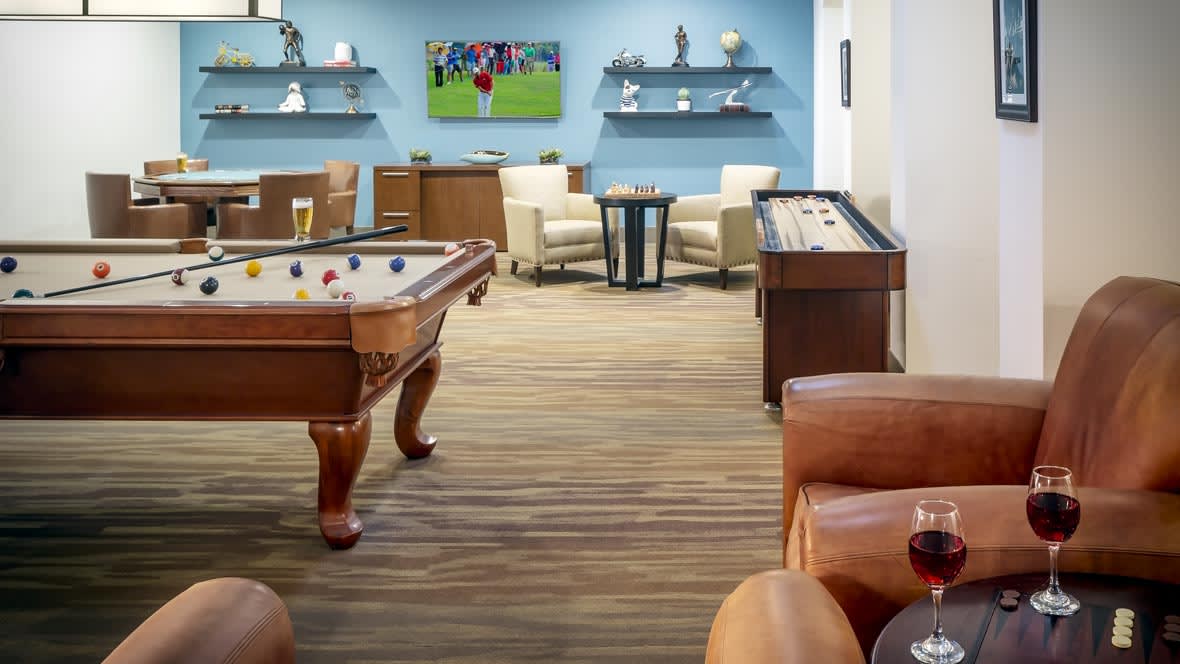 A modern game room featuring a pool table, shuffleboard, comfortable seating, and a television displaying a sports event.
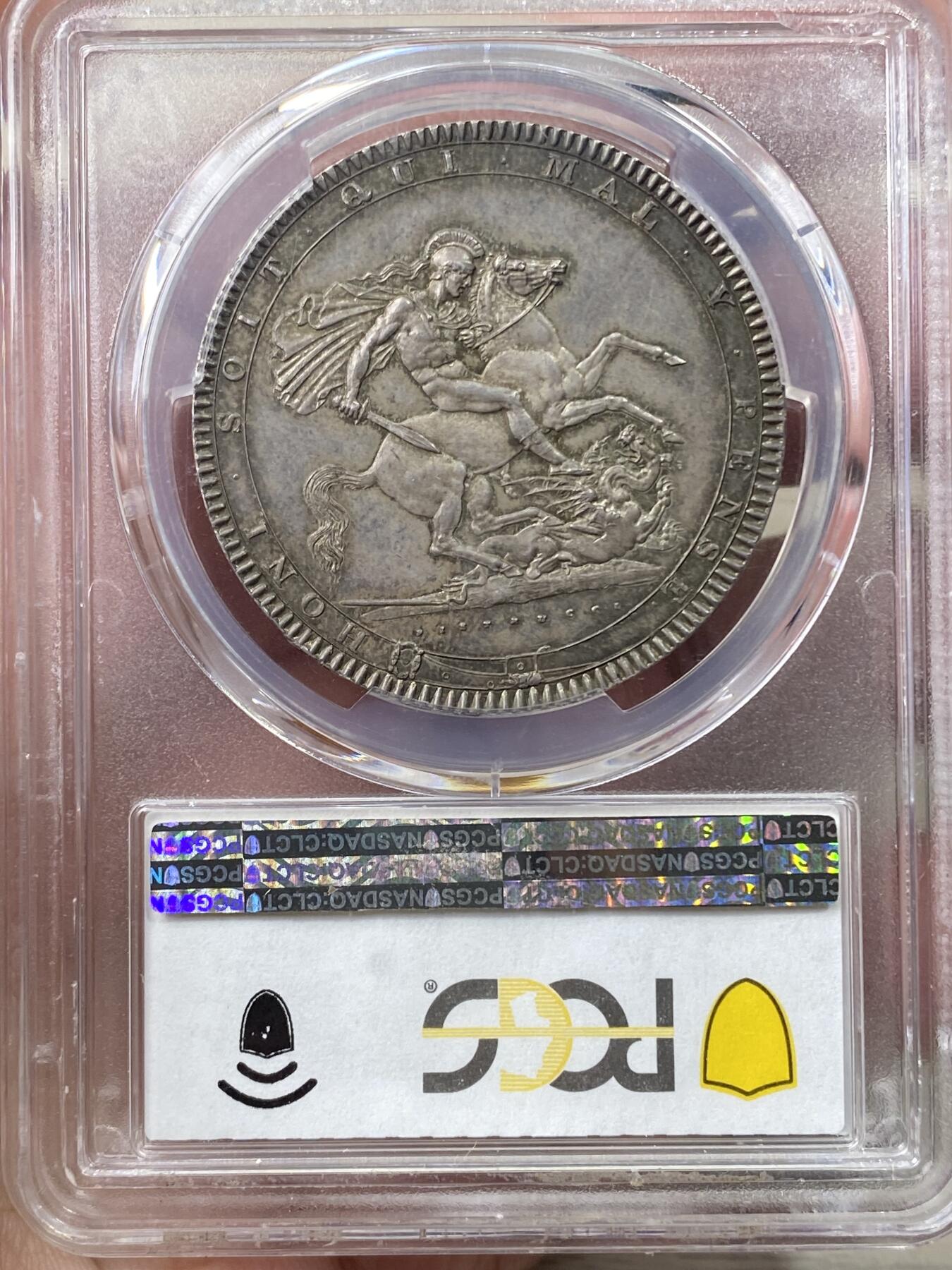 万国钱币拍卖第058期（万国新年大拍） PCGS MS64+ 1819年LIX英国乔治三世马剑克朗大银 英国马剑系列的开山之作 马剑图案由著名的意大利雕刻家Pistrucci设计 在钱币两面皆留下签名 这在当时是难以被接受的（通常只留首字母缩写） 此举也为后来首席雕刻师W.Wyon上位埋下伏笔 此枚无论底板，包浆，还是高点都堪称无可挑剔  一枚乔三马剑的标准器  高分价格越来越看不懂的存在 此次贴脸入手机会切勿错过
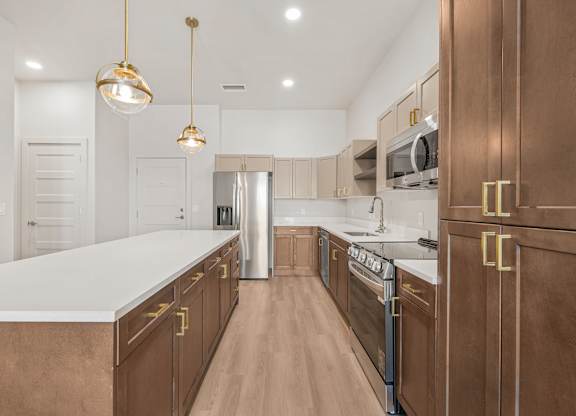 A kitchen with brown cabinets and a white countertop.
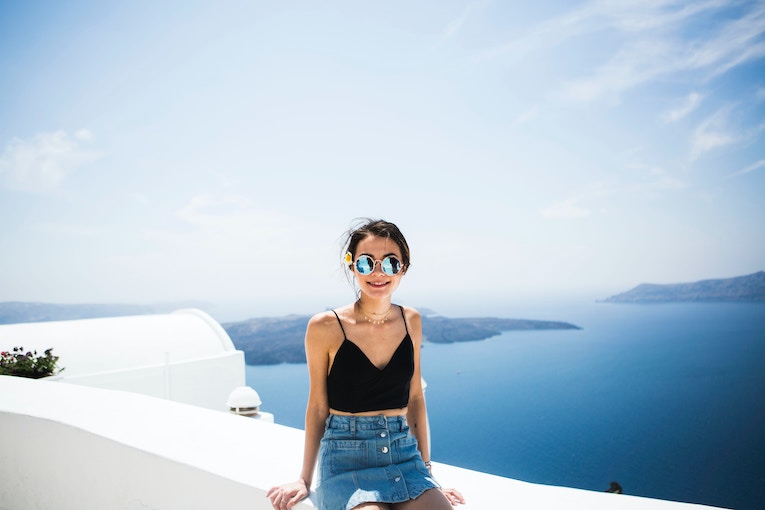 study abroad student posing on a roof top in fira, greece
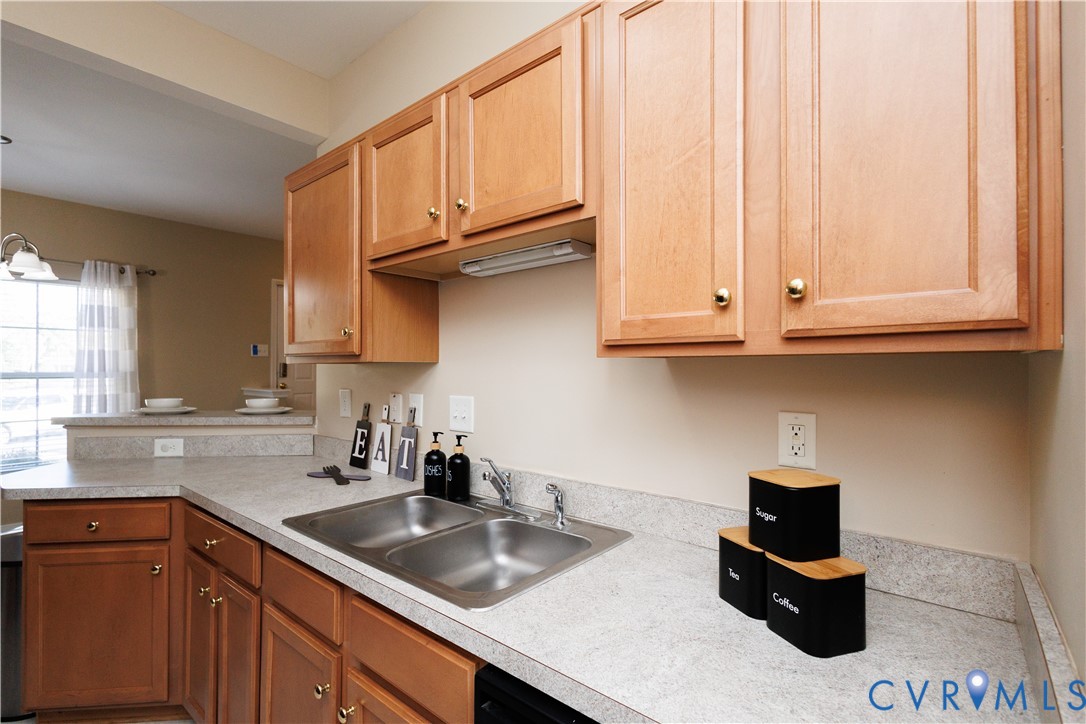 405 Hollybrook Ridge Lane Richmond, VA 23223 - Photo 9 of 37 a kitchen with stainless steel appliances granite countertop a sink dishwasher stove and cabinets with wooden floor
* * *
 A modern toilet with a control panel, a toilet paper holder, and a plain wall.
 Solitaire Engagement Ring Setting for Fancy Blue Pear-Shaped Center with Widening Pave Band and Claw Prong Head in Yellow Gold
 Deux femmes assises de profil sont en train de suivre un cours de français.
* * *
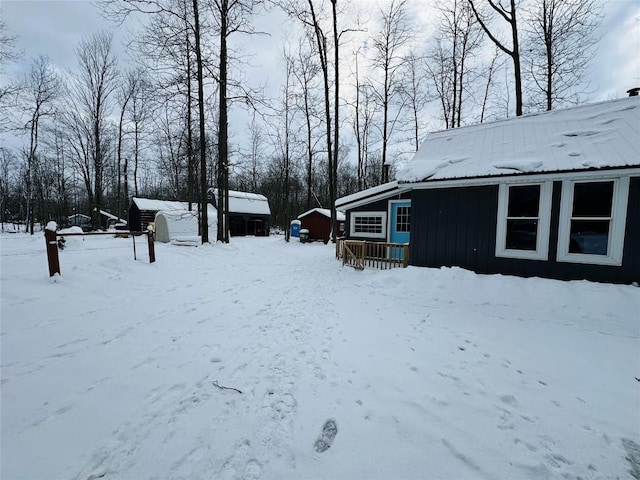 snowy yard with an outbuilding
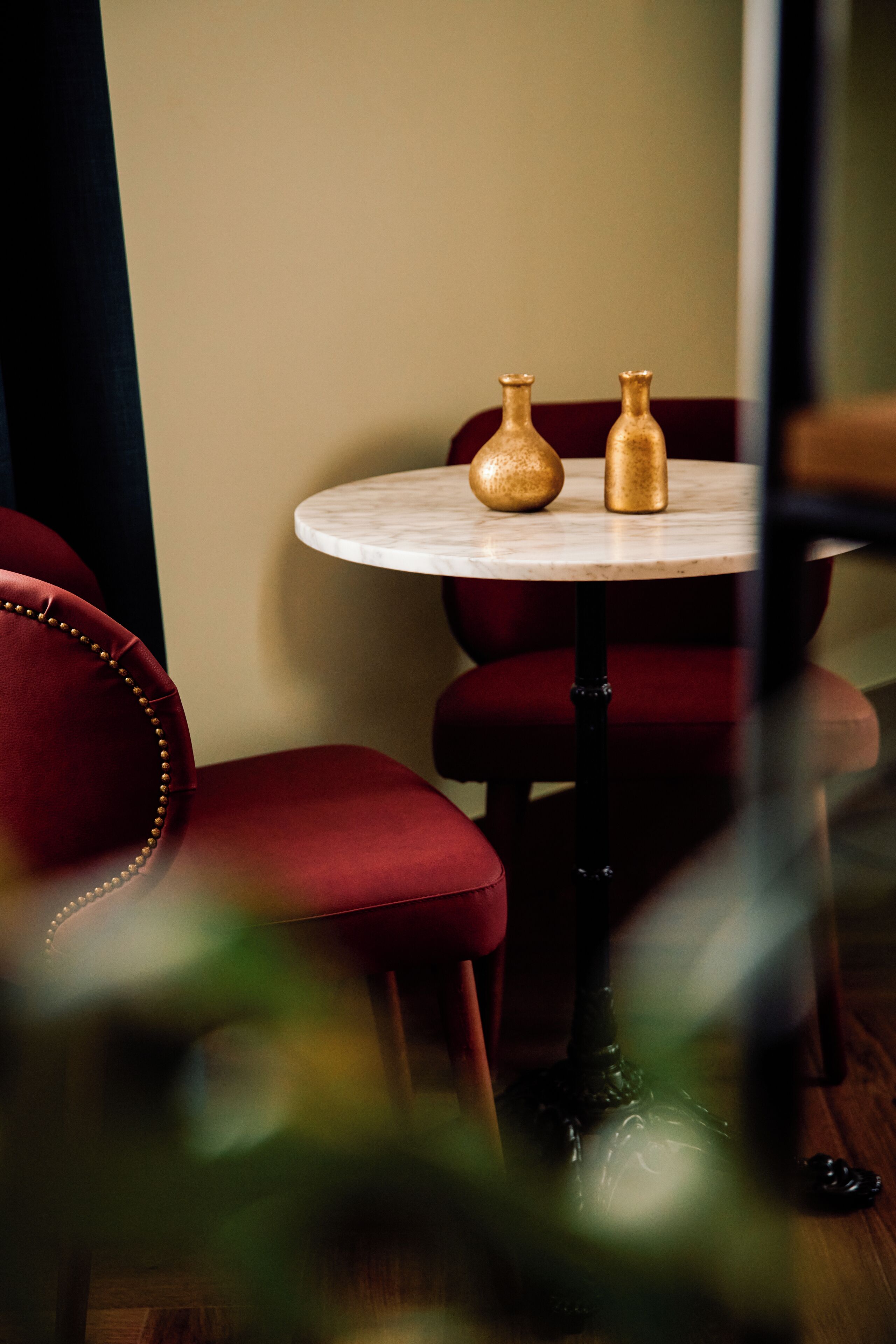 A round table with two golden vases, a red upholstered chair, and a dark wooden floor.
* * *
- [REQUIRED WORK] Once the line with "snowy yard with an outbuilding" has been found above, output that line and every later line exactly, stopping after the line with "A round table", and omit the pictures.

- [SOLUTION TO THE EXERCISE]
 snowy yard with an outbuilding
 A round table with two golden vases, a red upholstered chair, and a dark wooden floor.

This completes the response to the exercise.